Нужно сказать, что во время этой, как мне тогда казалось, последней встречи (потом были и другие) я был растроган почти до слез. Думалось о том, что я никогда, наверное, уже не увижу этого человека, с которым так неожиданно меня связала судьба. При всем том, что у меня были и горькие минуты общения с ним, о которых мне неприятно вспоминать, я, в сущности, привязался к нему. Три года, которые я провел вместе с президентом, были годами чрезвычайного напряжения сил и накала эмоций. Было чувство общей опасности. Это взламывает формальные барьеры отношений. К тому же я очень многим обязан этому человеку. Прежде всего тем, что получил представление о том, что такое масштаб государственной политики и масштаб личности. Жизни была придана, если можно так сказать, та высокая нота, которая делает существование исторически осмысленным.
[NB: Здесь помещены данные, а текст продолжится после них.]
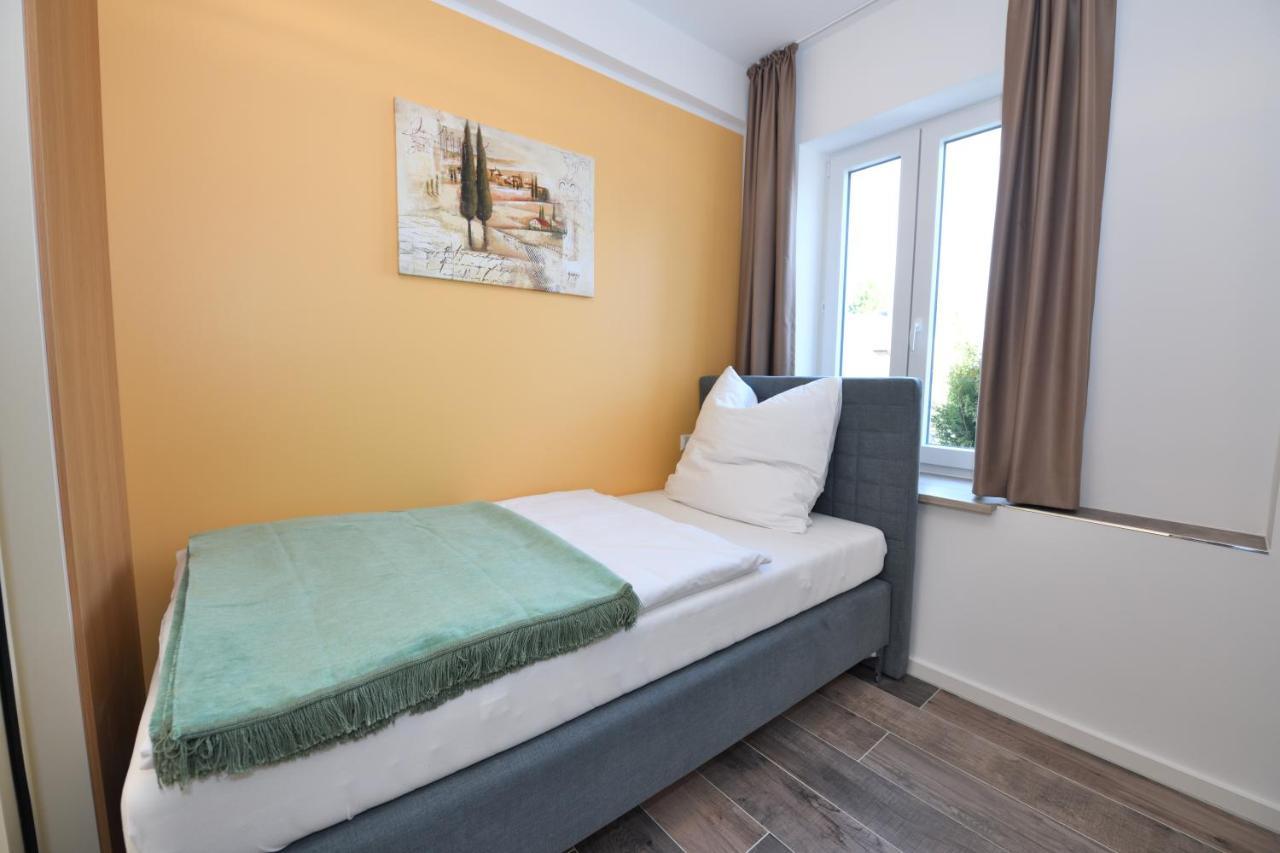 Boardinghouse Am Welzbach Apartment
Опыт человека и писателя привел меня к довольно грустному заключению, что по-настоящему умных, глубоких и сильных людей не так уж и много. Талант, в том числе и политический, явление редкое. Поэтому поработать с таким человеком, как Ельцин, – это подарок судьбы.
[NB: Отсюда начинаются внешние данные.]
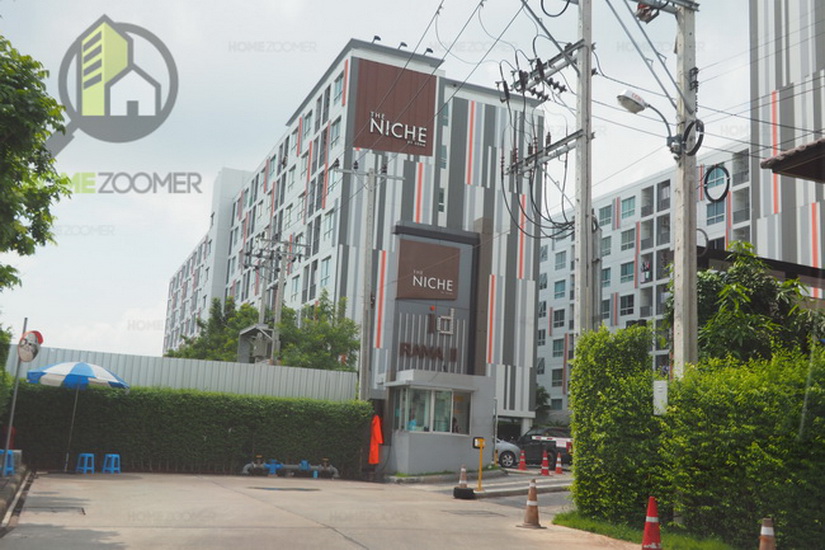 The NICHE ID พระราม 2 Phase 2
Вспоминаю, как были удивлены мои друзья, когда узнали о моем назначении. Многие отговаривали: «Зачем тебе это? Был свободным человеком, писал на даче статьи, романы, прилично зарабатывал. А теперь стал чиновником». Я оправдывался, как мог. Говорил о том, что иду работать не из карьерных соображений, а по «демократическому убеждению». Друзья верили и не верили. «По крайней мере, напишешь потом книгу», – говорили они.
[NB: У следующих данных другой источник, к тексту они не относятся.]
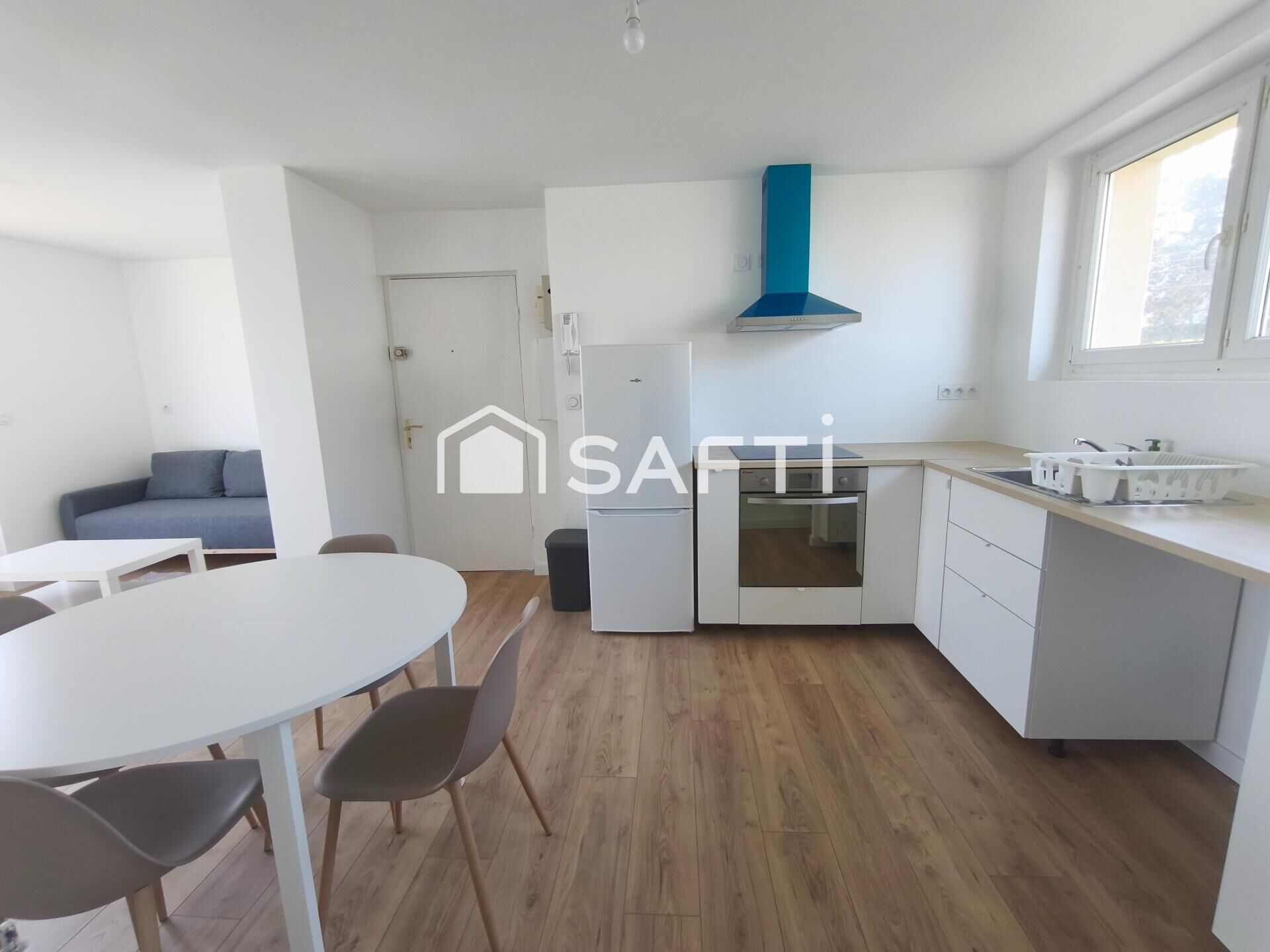 Agence immobilière de SAFTI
Конечно, мысль о книге присутствовала всегда. Писатель во мне родился раньше политика и, надеюсь, его переживет. Ко времени моего прихода в Кремль было уже опубликовано несколько романов. Так что в новом повороте судьбы я вольно или невольно видел и «сюжет для небольшого рассказа». Все эти три года за спиной пресс-секретаря всегда стоял писатель, иногда даже забегая вперед. Это обстоятельство, кстати, оказалось, с моей точки зрения, достаточно полезным и плодотворным. Я так и не стал чиновником. А восприятие себя как писателя давало и большую независимость суждений, и некую отстраненность взгляда на то, что происходит с тобой и вокруг тебя. Всегда присутствовала некая самоирония, не дававшая увлечься бюрократическими играми. Пресс-секретарь совершал все необходимые ему по должности действия и поступки; писатель, как скупой, копил детали и наблюдения, которые, может быть, и будут самыми интересными в этой книге.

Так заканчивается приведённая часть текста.